Quttainah Majdi, Mishra Vinaytosh, Madakam Somayya, Lurie Yotam, Mark Shlomo
College of Business Administration, Kuwait University, Kuwait, Kuwait.
College of Healthcare Management and Economics, Gulf Medical University, Ajman, United Arab Emirates.
JMIR AI. 2024 Apr 23;3:e51834. doi: 10.2196/51834.
The world has witnessed increased adoption of large language models (LLMs) in the last year. Although the products developed using LLMs have the potential to solve accessibility and efficiency problems in health care, there is a lack of available guidelines for developing LLMs for health care, especially for medical education.
The aim of this study was to identify and prioritize the enablers for developing successful LLMs for medical education. We further evaluated the relationships among these identified enablers.
A narrative review of the extant literature was first performed to identify the key enablers for LLM development. We additionally gathered the opinions of LLM users to determine the relative importance of these enablers using an analytical hierarchy process (AHP), which is a multicriteria decision-making method. Further, total interpretive structural modeling (TISM) was used to analyze the perspectives of product developers and ascertain the relationships and hierarchy among these enablers. Finally, the cross-impact matrix-based multiplication applied to a classification (MICMAC) approach was used to determine the relative driving and dependence powers of these enablers. A nonprobabilistic purposive sampling approach was used for recruitment of focus groups.
The AHP demonstrated that the most important enabler for LLMs was credibility, with a priority weight of 0.37, followed by accountability (0.27642) and fairness (0.10572). In contrast, usability, with a priority weight of 0.04, showed negligible importance. The results of TISM concurred with the findings of the AHP. The only striking difference between expert perspectives and user preference evaluation was that the product developers indicated that cost has the least importance as a potential enabler. The MICMAC analysis suggested that cost has a strong influence on other enablers.
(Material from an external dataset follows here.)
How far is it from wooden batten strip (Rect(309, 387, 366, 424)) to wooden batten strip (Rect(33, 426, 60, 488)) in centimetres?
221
The inputs of the focus group were found to be reliable, with a consistency ratio less than 0.1 (0.084).
This study is the first to identify, prioritize, and analyze the relationships of enablers of effective LLMs for medical education. Based on the results of this study, we developed a comprehendible prescriptive framework, named CUC-FATE (Cost, Usability, Credibility, Fairness, Accountability, Transparency, and Explainability), for evaluating the enablers of LLMs in medical education. The study findings are useful for health care professionals, health technology experts, medical technology regulators, and policy makers.
去年,大语言模型(LLMs)在全球范围内的应用日益广泛。尽管基于大语言模型开发的产品有潜力解决医疗保健领域的可及性和效率问题,但目前缺乏针对医疗保健领域,尤其是医学教育领域开发大语言模型的可用指南。
本研究旨在确定成功开发用于医学教育的大语言模型的推动因素,并对其进行优先级排序。我们还进一步评估了这些已确定的推动因素之间的关系。
首先对现有文献进行叙述性综述,以确定大语言模型开发的关键推动因素。我们还收集了大语言模型用户的意见,使用层次分析法(AHP,一种多标准决策方法)来确定这些推动因素的相对重要性。此外,运用总体解释结构建模(TISM)来分析产品开发者的观点,并确定这些推动因素之间的关系和层次结构。最后,使用基于交叉影响矩阵的乘法应用于分类法(MICMAC)来确定这些推动因素的相对驱动和依赖力量。采用非概率目的抽样方法招募焦点小组。
层次分析法表明,大语言模型最重要的推动因素是可信度,优先级权重为0.37,其次是问责制(0.27642)和公平性(0.10572)。相比之下,可用性的优先级权重为0.04,重要性可忽略不计。总体解释结构建模的结果与层次分析法的结果一致。专家观点与用户偏好评估之间唯一显著的差异是,产品开发者表示成本作为潜在推动因素的重要性最低。MICMAC分析表明,成本对其他推动因素有很大影响。焦点小组的意见被认为是可靠的,一致性比率小于0.1(0.084)。
本研究首次确定、排序并分析了有效用于医学教育的大语言模型的推动因素之间的关系。基于本研究结果,我们开发了一个名为CUC-FATE(成本、可用性、可信度、公平性、问责制、透明度和可解释性)的可理解的规范性框架,用于评估医学教育中使用的大语言模型的推动因素。研究结果对医疗保健专业人员、健康技术专家、医疗技术监管机构和政策制定者有用。